Spontaneous recurrent nose bleeds from telangiectasia of the nasal mucosa are the most common manifestations of HHT and occurs in about 95% [2]. Intervention for epistaxis should be considered if there is anaemia attributable to nose bleeding or if the frequency and duration of bleeding interferes with normal activities [2]. Our patient required no treatment as the epistaxis was self-limiting. Telangiectases of the skin and buccal mucosa also occur in about 95% of patients, typically presenting later in life than epistaxis [2]. It usually presents in about the third decade of life and gradually increases in number and size. They mostly occur in the face, lips, tongue, buccal mucosa and finger tips and can occur elsewhere. Our patient had telangiectases over the oral mucosa and conjunctivae.
Pulmonary AVMs are thin walled abnormal vessels that replace normal capillaries between pulmonary arterial and venous circulation. In one study 37% of patients with HHT demonstrated pulmonary AVM on high resolution computed tomography (CT). The safest method for treatment is transcatheter embolisation. Since our patient had bilateral diffuse pulmonary AVM conservative management was planned. Cerebral AVMs occur in approximately 10% of patients with HHT [2]. They can cause headache, seizures, ischaemia of the surrounding tissue, or haemorrhage. Our patient did not have cerebral involvement.

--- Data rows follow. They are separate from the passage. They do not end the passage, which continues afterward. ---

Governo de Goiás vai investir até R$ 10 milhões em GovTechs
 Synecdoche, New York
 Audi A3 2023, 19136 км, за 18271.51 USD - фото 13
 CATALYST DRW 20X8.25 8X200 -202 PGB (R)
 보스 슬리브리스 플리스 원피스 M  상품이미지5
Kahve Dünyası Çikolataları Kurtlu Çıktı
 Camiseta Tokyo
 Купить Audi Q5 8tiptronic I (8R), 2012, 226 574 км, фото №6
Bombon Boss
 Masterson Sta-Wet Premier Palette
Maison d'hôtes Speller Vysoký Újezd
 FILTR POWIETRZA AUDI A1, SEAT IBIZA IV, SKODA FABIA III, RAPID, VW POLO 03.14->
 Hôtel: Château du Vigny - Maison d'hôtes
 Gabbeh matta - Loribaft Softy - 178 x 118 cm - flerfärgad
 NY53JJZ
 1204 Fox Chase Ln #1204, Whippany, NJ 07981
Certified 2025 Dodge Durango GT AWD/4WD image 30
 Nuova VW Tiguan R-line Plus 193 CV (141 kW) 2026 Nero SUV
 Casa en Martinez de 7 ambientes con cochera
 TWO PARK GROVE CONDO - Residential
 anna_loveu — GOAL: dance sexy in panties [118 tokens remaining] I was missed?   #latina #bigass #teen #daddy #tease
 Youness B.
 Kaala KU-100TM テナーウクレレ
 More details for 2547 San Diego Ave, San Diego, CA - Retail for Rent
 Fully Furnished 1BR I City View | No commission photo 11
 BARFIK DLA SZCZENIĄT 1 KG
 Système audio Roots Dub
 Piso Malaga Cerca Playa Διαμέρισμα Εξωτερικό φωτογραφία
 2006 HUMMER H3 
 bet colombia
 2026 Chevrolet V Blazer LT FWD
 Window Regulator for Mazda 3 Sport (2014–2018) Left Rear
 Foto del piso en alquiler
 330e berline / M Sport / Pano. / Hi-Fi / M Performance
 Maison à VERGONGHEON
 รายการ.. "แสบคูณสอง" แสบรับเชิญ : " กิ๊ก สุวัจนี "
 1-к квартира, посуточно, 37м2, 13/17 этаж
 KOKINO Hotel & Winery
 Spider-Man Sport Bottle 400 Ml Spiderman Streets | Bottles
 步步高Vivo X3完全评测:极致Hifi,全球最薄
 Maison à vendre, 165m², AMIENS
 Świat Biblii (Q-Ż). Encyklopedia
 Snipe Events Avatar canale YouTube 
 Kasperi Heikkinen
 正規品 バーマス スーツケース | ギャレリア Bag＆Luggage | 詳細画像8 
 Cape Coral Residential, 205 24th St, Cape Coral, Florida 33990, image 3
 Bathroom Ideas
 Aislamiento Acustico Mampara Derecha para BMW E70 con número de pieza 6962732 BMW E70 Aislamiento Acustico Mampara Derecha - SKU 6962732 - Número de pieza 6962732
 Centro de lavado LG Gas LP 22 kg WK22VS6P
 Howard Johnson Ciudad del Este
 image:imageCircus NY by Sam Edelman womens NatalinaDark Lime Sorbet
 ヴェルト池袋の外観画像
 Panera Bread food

Hepatic involvement is variable in HHT. In one study only 8% showed symptomatic involvement [2]. In HHT, the predominant liver involvement seen was shunting of blood from hepatic artery to hepatic veins with shunting of metabolites from portal circulation to systemic circulation. A shunt from hepatic artery to portal vein leads to portal hypertension and increased blood flow can lead to nodularity of the liver due to increased deposition of fibrous tissue. The liver undergoes nodular transformation also known as “pseudo-cirrhosis” [3]. In our patient there was no vascular malformation of the liver however nodular hyperplasia was seen. She did not undergo liver biopsy as there is a risk of bleeding. Liver transplantation is currently the only curative option for symptomatic liver disease in HHT. Except for hepatocellular and biliary necrosis which requires urgent liver transplantation consensus on the most appropriate timing of the transplantation is lacking [4].
To our knowledge, elevated serum testosterone levels have not previously been reported in females with HHT. However, there have been a few reported cases of elevated serum testosterone in association with porto-systemic shunting in young females [5, 6]. The initial observation was reported in two adolescent girls with congenital porto-systemic shunting, who presented with virilisation and amenorrhea, and had elevated testosterone [5]. More recently, Bas et al. [6] reported on two 7-year old girls with congenital portosystemic shunts, presenting with premature pubarche. These females had elevated serum testosterone and other downstream androgens in the presence of low DHEAS, as seen in our patient [6]. It is postulated that the mechanism of hyperandrogenemia, could be impaired conversion of DHEA to its inactive sulphate ester DHEAS in the liver, due to bypassing of DHEA to the systemic circulation [6]. This would lead to low DHEAS and elevated DHEA in the circulation. As DHEA is a precursor for the synthesis of more potent downstream androgens such as androstenedione and testosterone, elevated DHEA would lead to elevated serum testosterone and features of hyperandrogenism [6].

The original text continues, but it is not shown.